There *is* a workaround for non-tagged widescreen if you use and RW disk and add your computer to the mix.

1. Leave the HDTiVo set to 16:9 and record as normal to and RW disk.

2. Read the squished video into Womble Mpeg Video Wizard on your PC. You can use this to quickly edit out commercials etc if necessary.

3. Export the video, but manually set the tag to 16:9.

4. Author and Burn the resultant video with any decent programs that are widescreen aware.

MVW streams the unedited mpeg file with no re-encoding, so the process is very fast. Changing the format tag takes no *real* time at all.

I know it adds more steps to your current simple process, but the final result is an anamorphic widescreen disc. No real difference to a 4:3 set, but better resolution for a 16:9 set.


----------



## dirk1843 (Jul 7, 2003)

Since we are talking about this kind of stuff...............

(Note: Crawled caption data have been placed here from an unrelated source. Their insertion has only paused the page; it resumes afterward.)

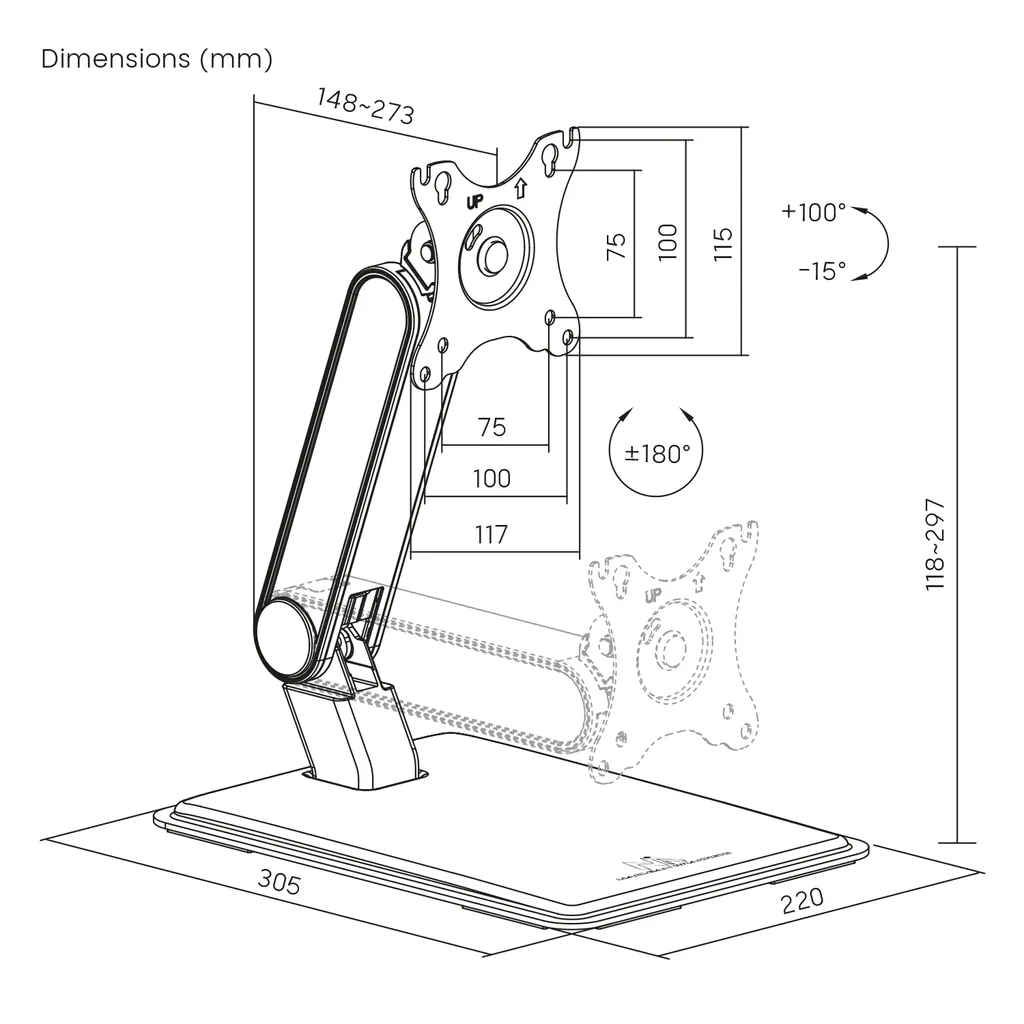 Support Écran Tactile pour Borne Interactive et Point de Vente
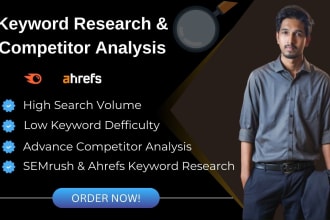 give advanced SEO keyword research services with competitor analysis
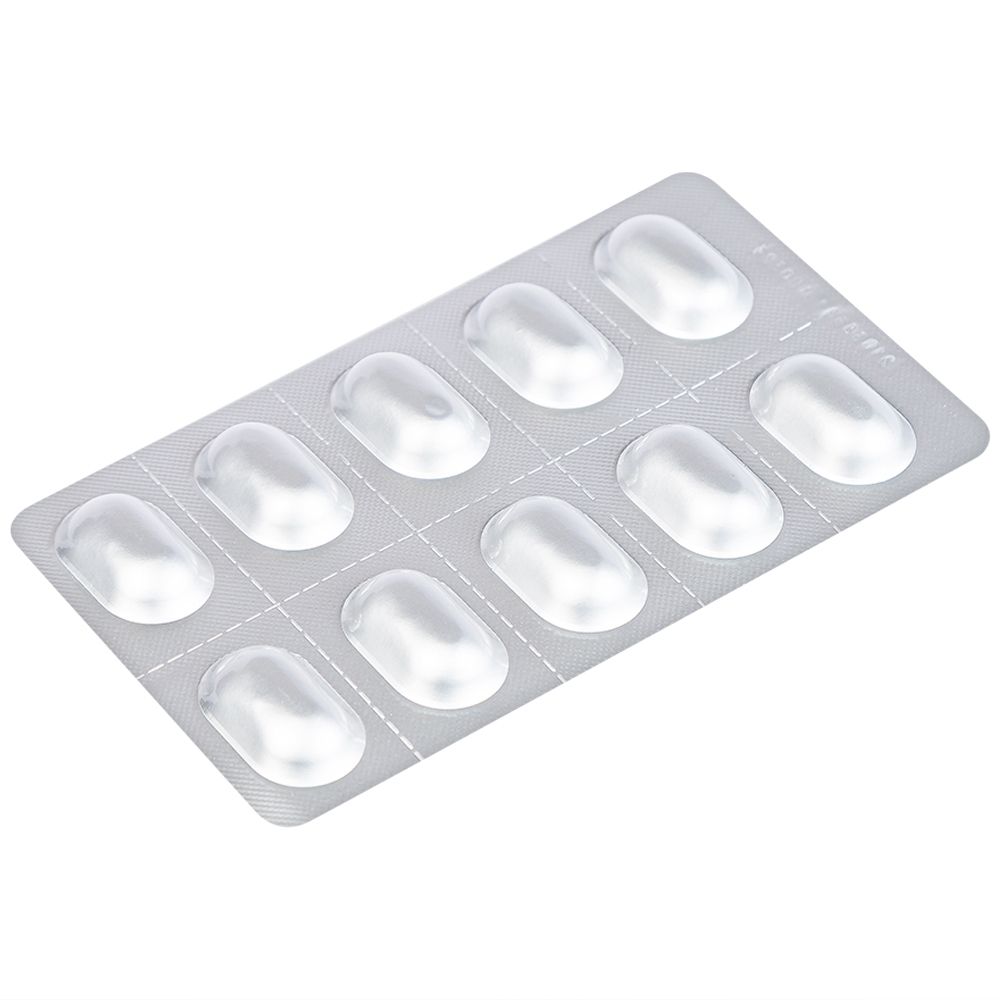 Hình ảnh Thuốc Mesalazine 500mg SaviPharm điều trị viêm loét đại tràng (10 vỉ x 10 viên)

In theory, should an ucompressed full bandwidth SD (480i) picture look as good as an HD one DOWNREZZED to 480i??


----------



## rockon1 (Dec 15, 2005)

misterdk said:


> I just brought home my new DVD recorder. I went for the L/G LRY-517. I read some favorable reviews on the unit and it seems to have just about all the currently available bells and whistles. I'll let the Forum know how it performs for me. Another comment....and I'm probably not the first to say it, but, I'm pretty disappointed in the HD picture quality. It is not "stunningly vibrant beyond my wildest expectations..." or words to that effect. But I'll give it time. I'm using the Hughes HR10-250 HDDVR with a Phillips 37" HD LCD TV. I connect the DVR to TV via the HDMI cable and I'm using a digital optical audio cable into my Yamaha HTR-5740 receiver. I'd like to hear other opinions about the HD quality that you are receiving. I didn't really expect "night and day" difference but I was hoping.......
> Thanks for the tips and comments.


 I also find that I get a better picture through component than HDMI, weather thats because of my tv's HDMI input or the 10-250 output, I don't know, I would lean towards the 10-250. Tv is a mitsubishi DLP.


----------



## gohawks63 (Apr 23, 2005)

misterdk said:


> Thanks for the responses guys. Yeah, I was reading the manual (shocking, I know) last night and Lo and Behold on page 81 it says, "just connect a DVD recorder instead of a vcr and use the save to vcr procedure.......". Needless to say I was shocked. It remains to be seen if it really works as claimed. Does it matter if you use -R or +R blank disks, anybody know?


I have done this many times. I have a Sony RDRVX515 (DVD/VHS combo) connected to the H10-250. It works flawlessly. Just remember to set your resolution on the H10 back down to 480i, otherwise you won't get any output.


----------



## kimsan (Jan 23, 2002)

dirk1843 said:


> Since we are talking about this kind of stuff...............
> 
> In theory, should an ucompressed full bandwidth SD (480i) picture look as good as an HD one DOWNREZZED to 480i??


In theory, full SD *should* actually be better than down-rezzed HD due to fewer conversions and the like. In practice (in my experience), down-rezzed HD looks better in most cases. Maybe it's due to the initial filming techniques and attention to detail.

YMMV


----------



## dirk1843 (Jul 7, 2003)

So to see what we have been missing all these years thanks to ALL providers, just set any HD channel to 480i and see what we should be getting. Hard to believe.


----------